Monitoring - DeepRacer on AWS

Monitoring

Dashboard

DeepRacer on AWS automatically provisions an Amazon CloudWatch dashboard which surfaces important graphs, metrics, and alarms that are relevant to operating the solution and can help with identifying potential issues. This dashboard can be accessed through the AWS Management Console by going to the Amazon CloudWatch console and clicking Dashboards in the left sidebar.

DeepRacer on AWS dashboard top

The upper-half of this dashboard shows system alarm states (see Alarms), followed by:

  • Training instance usage metrics, indicating the number of training jobs that are currently in use. This graph is helpful for identifying usage patterns for training and evaluation jobs, and can visually indicate cases such as when your current service quota is being reached.

  • Training job outcomes, indicating the number of training and evaluation jobs that have completed and/or failed.

  • Queue metrics, indicating the number of training and evaluation jobs that have been waiting in the queue over time.

DeepRacer on AWS dashboard bottom

The bottom-half of this dashboard shows additional graphs related to:

  • API performance, indicating the number of requests and latency, as well as the number of 4XX and 5XX errors over time.

  • Database performance, indicating the number of read and write capacity units being consumed, and the number of user and system errors over time.

Alarms

DeepRacer on AWS automatically provisions CloudWatch alarms to monitor critical system components. These alarms help detect issues early and maintain the health of the deployment.

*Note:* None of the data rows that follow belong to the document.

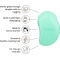 The Original Mini - Detangling Brush - Tropicana Green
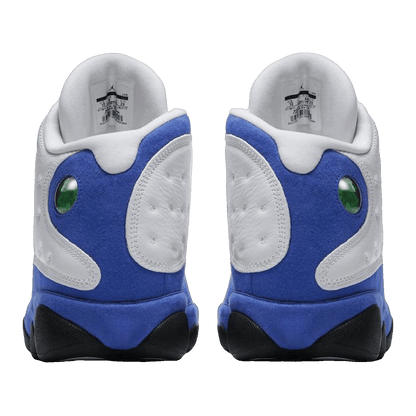 Nike Air Jordan 13 Retro White Hyper Royal Black (GS) Back 884129-117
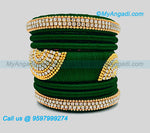 Dark Green Silk Thread Bangles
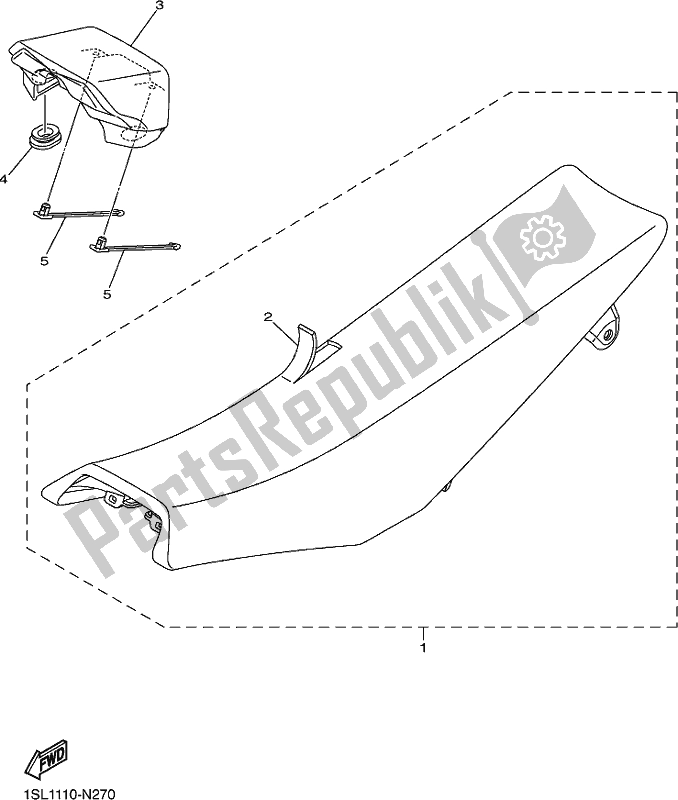 All parts for the Seat of the Yamaha WR 250F 2017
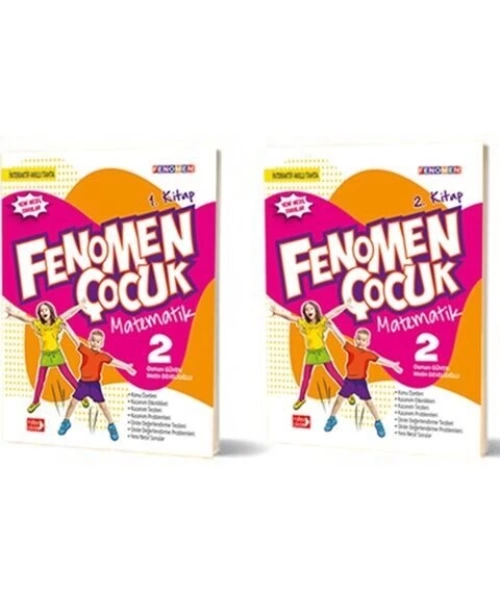 FENOMEN ÇOCUK YAYINLARI  2 SINIF MATEMATIK (2 KITAP)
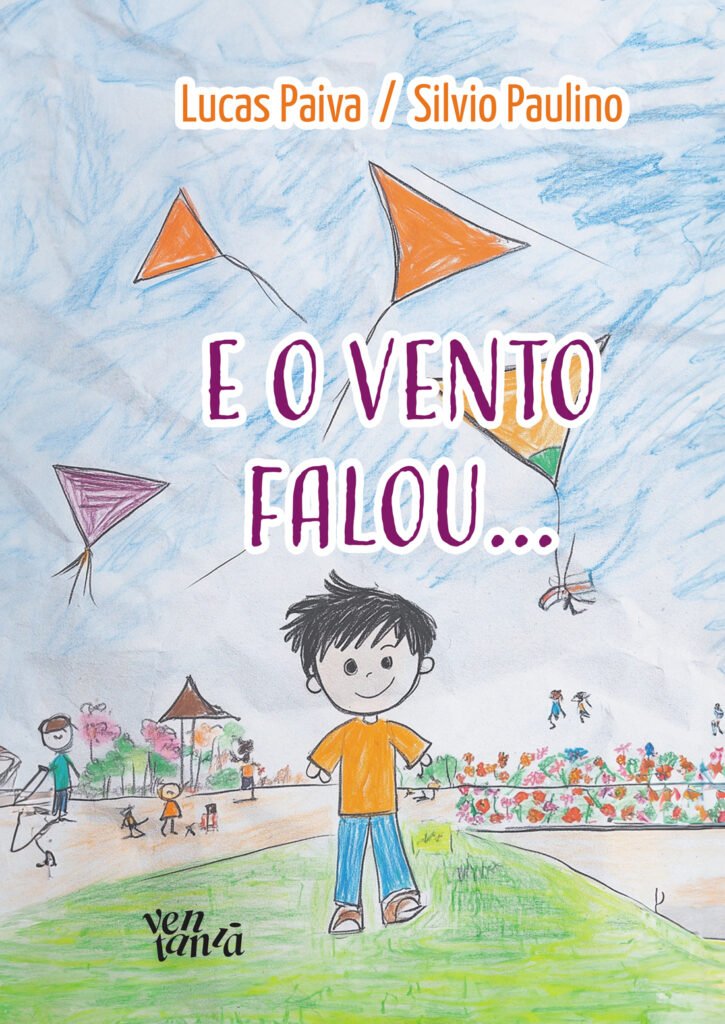 Capa do livro E o vento falou…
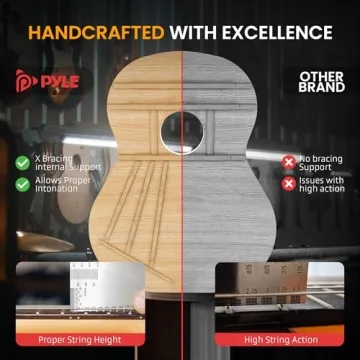 Pyle Beginner Acoustic Guitar Kit - Ideal for All Ages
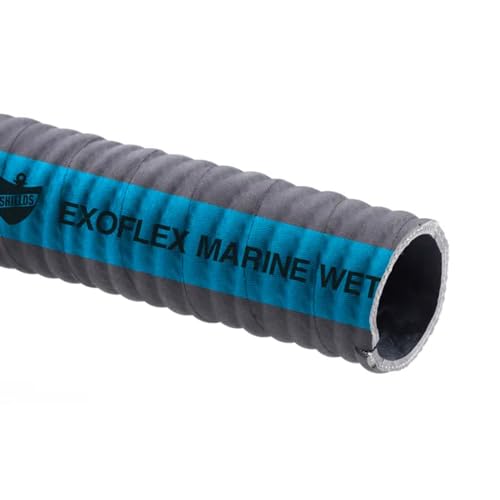 Sierra 16-254-8004 12-1/2 Feet Poly X Sanitation Hose, 1-1/2 inch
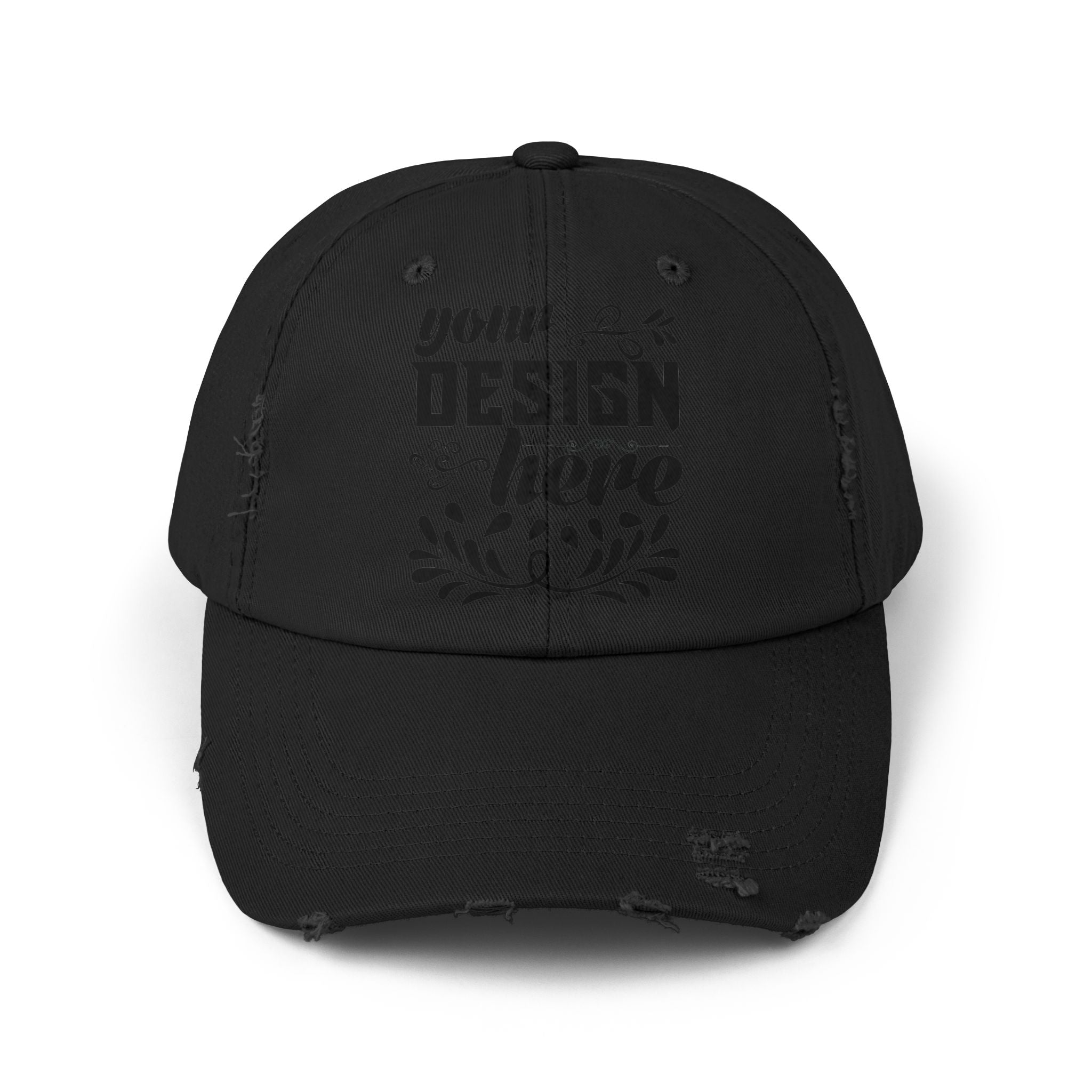 Customizable District DT600 Distressed Cotton Cap for Personalized Style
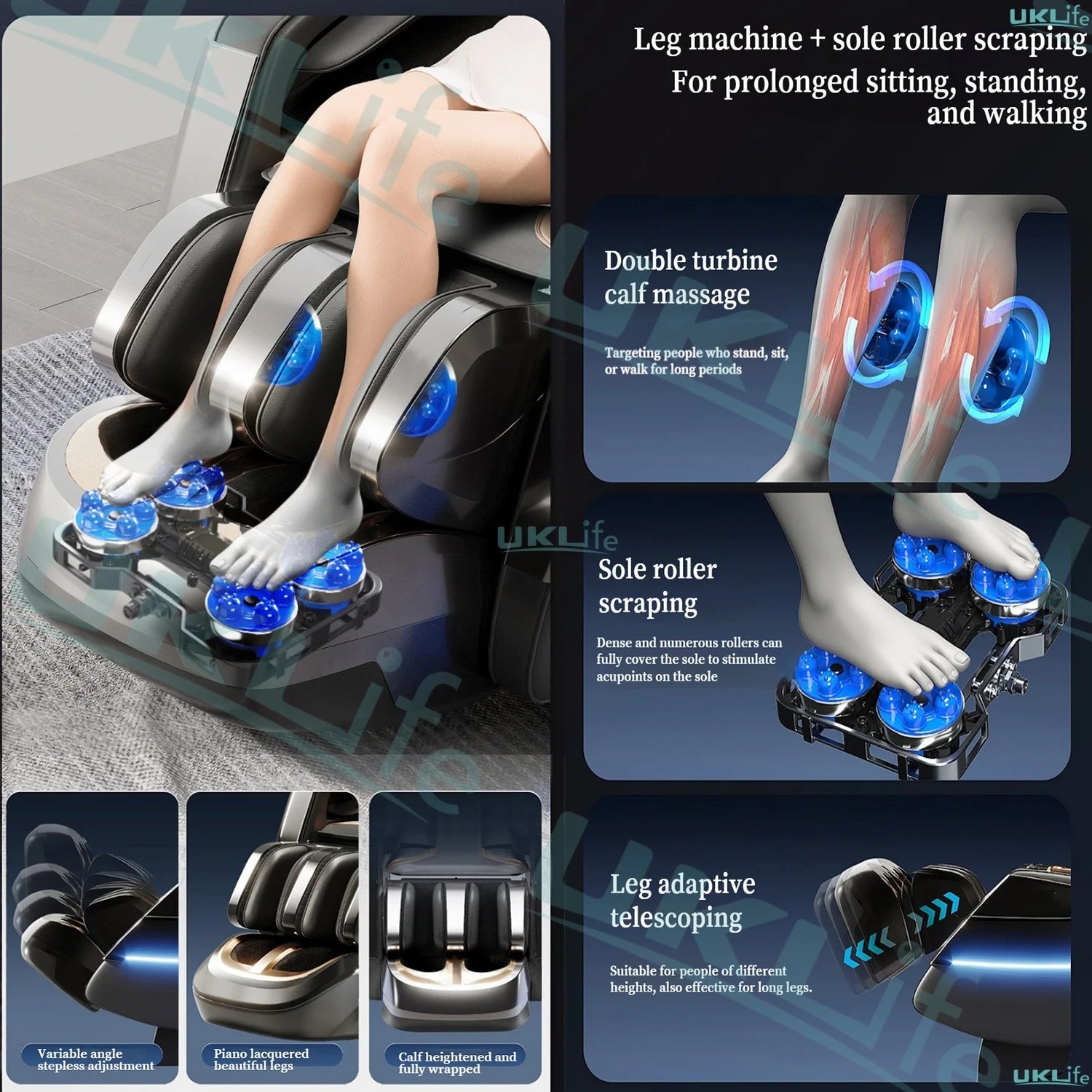 Bodyrecovery.shop™ Dual-Core Jade Massage Chair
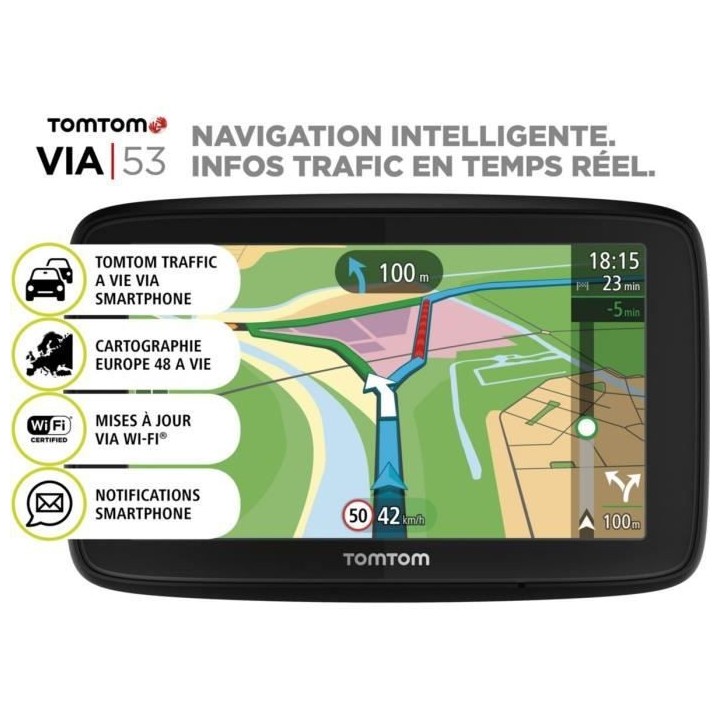 TOM TOM Gps - VIA 53 Europe 49 pays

The deployment includes 9 CloudWatch alarms organized into three monitoring categories:

  • API import workflow monitoring - 6 alarms that monitor model import processes

  • User authentication monitoring - 2 alarms that monitor user signup functions

  • Asset processing monitoring - 1 alarm that monitors asset packaging workflows

API import workflow alarms

These alarms monitor the various stages of importing models into the DeepRacer environment:

Alarm Name Purpose Threshold

ApiimportWorkflowCompletionErrorAlarm

Monitors completion errors in the API import workflow

≥ 10 errors in 5 minutes

ApiimportWorkflowRewardValidationErrorAlarm

Monitors reward validation errors during import processing

≥ 10 errors in 5 minutes

ApiimportWorkflowDlqProcessorErrorAlarm

Monitors dead letter queue (DLQ) processor errors

≥ 10 errors in 5 minutes

ApiimportWorkflowImportAssetsErrorAlarm

Monitors asset import errors within the workflow

≥ 10 errors in 5 minutes

ApiimportWorkflowModelValidationErrorAlarm

Monitors model validation errors during import

≥ 10 errors in 5 minutes

ApiimportWorkflowImportModelLambdaErrorsAlarm

Composite alarm for Lambda function errors in the import workflow

Any associated alarm in ALARM state

User authentication alarms

These alarms monitor the Cognito User Pool operations and are more sensitive than workflow alarms:

Alarm Name Purpose Threshold

UserPoolPreSignUpErrorAlarm

Monitors errors in the pre-signup Lambda trigger function

≥ 1 error in 1 minute

UserPoolPostSignUpErrorAlarm

Monitors errors in the post-signup Lambda trigger function

≥ 1 error in 1 minute

Important

User authentication alarms have very sensitive thresholds (1 error) and should be prioritized for notification setup.

Asset processing alarms

This alarm monitors the asset packaging workflow:

Alarm Name Purpose Threshold

ApiAssetPackagingDLQAlarm

Monitors dead letter queue for asset packaging operations

≥ 5 messages visible in 5 minutes

Configuring alarm actions

By default, the solution creates alarms without automated actions. To receive notifications when alarms trigger:

  1. Go to the CloudWatch console

  2. Select Alarms from the left navigation

  3. Choose an alarm from the list

  4. Select ActionsEdit

  5. Add notification actions such as:

    • SNS topic for email alerts

    • Auto Scaling actions

    • EC2 actions

Viewing alarm status

To check status of an alarm:

  1. Open the CloudWatch console

  2. Select AlarmsAll alarms

  3. Filter by the alarm name prefix deepracer-on-aws-

  4. Review the State column for any alarms in ALARM status

When an alarm enters the ALARM state, investigate the associated service logs and metrics to identify the root cause.